And the thing that is different about God as a heavenly parent versus human appearances, his correction is always in the right proportions, in the right ways, and for the right things. As human beings, you and I can sometimes, if we’re already pretty tense and then a small thing happens, we can sometimes let go of a very large correction to a very small infraction. But I think one of the things that the world has tried to do is say guilt is painful. Shame is painful. So what we should do is we should get rid of all guilt and shame. And so their approach has been to say there isn’t anything wrong.
There isn’t anything that is shameful. Go and do and feel free of guilt and shame. But that’s a very problematic thing because at the same time, the world says there should be no guilt and shame. They also think that there should be justice, that if you steal my stereo, that you should have to give it back to me, that you’re wrong for doing that.

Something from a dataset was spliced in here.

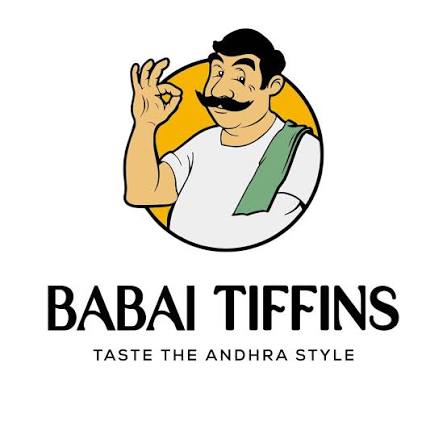 Babai Tiffins logo – link to website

So it’s important to have clarity on what we’re trying to get rid of here. That makes a great deal of sense. And so now that we’ve got a good view of what shame looks like and what shame plays on, I can understand why it’s destructive. You know, can I make even this assertion, too?

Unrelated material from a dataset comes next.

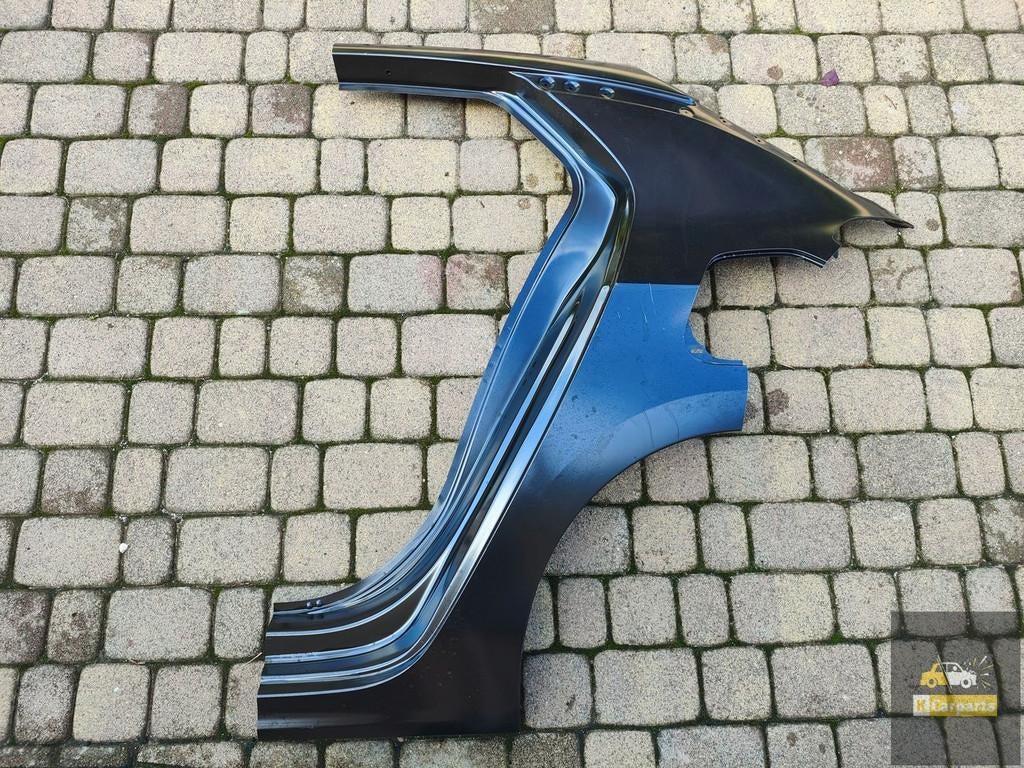 1692299980, OPEL CORSA 6 VI F 19- LINKER ACHTERVLEUGEL, Gebruikt, Opel Automobile GmbH, Kontakt@opel-infoservice.de, Opel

It sounds to me that shame plays to lies. At the root of shame, there is a lie that is believed. At the root of guilt, there is a true account of what has happened. Is that a fair distinction? That’s wonderful, Matt. And I think that what God wants with his correction, part of confession, because that’s a first response when we’ve done something wrong, is it’s actually agreeing with God.

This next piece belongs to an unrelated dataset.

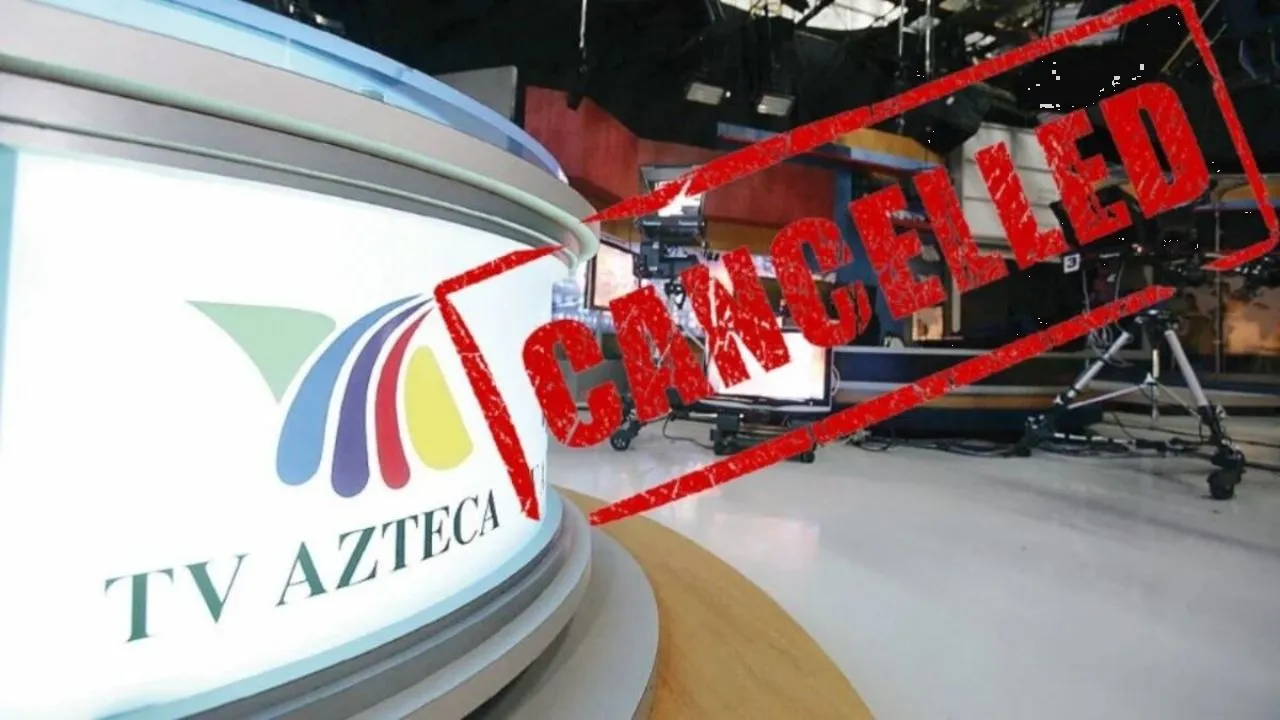 Querido programa de TV Azteca será cancelado, por esta razón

It’s actually going, I did it. I’m the man. I am the one that was responsible for this particular thing. And agreeing with the person that perhaps you’ve sinned against. That’s correct. As well, right? There’s agreement on lots of different places. That’s right. That’s right. And so for example, it is being able to say, I handled this wrong.
So if I come home, let’s say I walked in the door and I came home and I was already kind of frustrated. And let’s say Donna asked me to help her. And let’s say that I was pretty snarky back to her. And I said some things that I shouldn’t have said to her. And I walked into the bedroom to change my clothes.
The Holy Spirit then convicts me, and he taps on my heart and says, hey, Ted, wait a minute. Why are you talking to my daughter that way? And why does the Holy Spirit do that? Because he’s holy and because he chastens those that he loves. And he says, Ted, you are out of line with that. And what he wants me to do is to come closer to him.
And by coming closer to him, he wants me to see it accurately. He doesn’t want me to make this the worst that it’s ever been, and he doesn’t want me to minimize it for what it is. What he wants me to do is agree with him that how I handled the situation was incorrect. I didn’t respect my wife. So what I do is I repent to him.
I say, Lord, I’m sorry, and I will make this right. Forgive me. So I walk back out into the kitchen, and I say, Donna, I’m sorry. You didn’t deserve that. Please forgive me. What can I do to help you? And what I’ve done, when I seek to correct that, because I’ve seen it in an accurate way, I will seek to try to make it right, and it restores the relationship.
It brings that reconnectedness. It closes that loop, which then allows us to feel like we’ve come to a resolution. I really like that, Ted, and that was very welcome news, because as we mentioned, while guilt has good purposes, nobody likes it. And you just painted a little bit of a route to deal with guilt and the way that you did that is you mentioned confession to God. And then a restitution to the one that you sinned against. Yeah, is there something more to say? I just know this from practice that I’m not sure I’m sorry sums up all that’s required at times, and I know there’s a whole gamut of issues that we’re not trying to speak to here, but can you coach us a little bit on what that restitution looks like?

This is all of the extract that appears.